=== EXERCISE DATA ===
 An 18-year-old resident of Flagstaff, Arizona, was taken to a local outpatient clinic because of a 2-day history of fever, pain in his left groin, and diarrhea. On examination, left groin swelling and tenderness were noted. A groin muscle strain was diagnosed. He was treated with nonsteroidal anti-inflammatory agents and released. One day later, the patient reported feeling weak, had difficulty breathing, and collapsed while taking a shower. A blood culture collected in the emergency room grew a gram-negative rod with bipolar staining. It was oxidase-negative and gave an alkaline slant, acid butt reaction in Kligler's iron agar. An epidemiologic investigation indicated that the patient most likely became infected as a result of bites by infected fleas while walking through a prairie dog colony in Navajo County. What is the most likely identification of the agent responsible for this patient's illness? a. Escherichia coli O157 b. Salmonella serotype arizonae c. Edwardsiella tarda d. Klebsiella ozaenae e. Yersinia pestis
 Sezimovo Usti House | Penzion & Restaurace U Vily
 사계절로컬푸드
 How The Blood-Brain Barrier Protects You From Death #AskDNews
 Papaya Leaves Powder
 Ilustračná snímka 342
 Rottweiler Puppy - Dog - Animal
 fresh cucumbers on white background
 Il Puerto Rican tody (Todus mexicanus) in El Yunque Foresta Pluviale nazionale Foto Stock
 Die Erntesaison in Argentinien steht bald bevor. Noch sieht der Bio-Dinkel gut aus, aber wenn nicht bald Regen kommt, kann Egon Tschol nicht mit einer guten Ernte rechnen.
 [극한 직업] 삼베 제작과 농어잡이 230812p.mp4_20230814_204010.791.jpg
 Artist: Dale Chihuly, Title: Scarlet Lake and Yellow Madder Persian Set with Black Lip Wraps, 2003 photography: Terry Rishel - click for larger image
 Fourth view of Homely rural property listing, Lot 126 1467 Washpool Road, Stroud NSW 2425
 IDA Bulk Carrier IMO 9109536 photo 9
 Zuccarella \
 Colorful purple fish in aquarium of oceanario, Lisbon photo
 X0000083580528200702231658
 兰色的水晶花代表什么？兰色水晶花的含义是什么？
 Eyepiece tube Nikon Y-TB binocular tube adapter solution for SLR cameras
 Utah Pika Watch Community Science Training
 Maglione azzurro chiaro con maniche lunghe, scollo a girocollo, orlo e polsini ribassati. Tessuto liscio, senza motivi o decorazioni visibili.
===
*YOUR ASSIGNMENT:* What you should produce is an exact retyping of every line above.

*REPLY:*
 An 18-year-old resident of Flagstaff, Arizona, was taken to a local outpatient clinic because of a 2-day history of fever, pain in his left groin, and diarrhea. On examination, left groin swelling and tenderness were noted. A groin muscle strain was diagnosed. He was treated with nonsteroidal anti-inflammatory agents and released. One day later, the patient reported feeling weak, had difficulty breathing, and collapsed while taking a shower. A blood culture collected in the emergency room grew a gram-negative rod with bipolar staining. It was oxidase-negative and gave an alkaline slant, acid butt reaction in Kligler's iron agar. An epidemiologic investigation indicated that the patient most likely became infected as a result of bites by infected fleas while walking through a prairie dog colony in Navajo County. What is the most likely identification of the agent responsible for this patient's illness? a. Escherichia coli O157 b. Salmonella serotype arizonae c. Edwardsiella tarda d. Klebsiella ozaenae e. Yersinia pestis
 Sezimovo Usti House | Penzion & Restaurace U Vily
 사계절로컬푸드
 How The Blood-Brain Barrier Protects You From Death #AskDNews
 Papaya Leaves Powder
 Ilustračná snímka 342
 Rottweiler Puppy - Dog - Animal
 fresh cucumbers on white background
 Il Puerto Rican tody (Todus mexicanus) in El Yunque Foresta Pluviale nazionale Foto Stock
 Die Erntesaison in Argentinien steht bald bevor. Noch sieht der Bio-Dinkel gut aus, aber wenn nicht bald Regen kommt, kann Egon Tschol nicht mit einer guten Ernte rechnen.
 [극한 직업] 삼베 제작과 농어잡이 230812p.mp4_20230814_204010.791.jpg
 Artist: Dale Chihuly, Title: Scarlet Lake and Yellow Madder Persian Set with Black Lip Wraps, 2003 photography: Terry Rishel - click for larger image
 Fourth view of Homely rural property listing, Lot 126 1467 Washpool Road, Stroud NSW 2425
 IDA Bulk Carrier IMO 9109536 photo 9
 Zuccarella \
 Colorful purple fish in aquarium of oceanario, Lisbon photo
 X0000083580528200702231658
 兰色的水晶花代表什么？兰色水晶花的含义是什么？
 Eyepiece tube Nikon Y-TB binocular tube adapter solution for SLR cameras
 Utah Pika Watch Community Science Training
 Maglione azzurro chiaro con maniche lunghe, scollo a girocollo, orlo e polsini ribassati. Tessuto liscio, senza motivi o decorazioni visibili.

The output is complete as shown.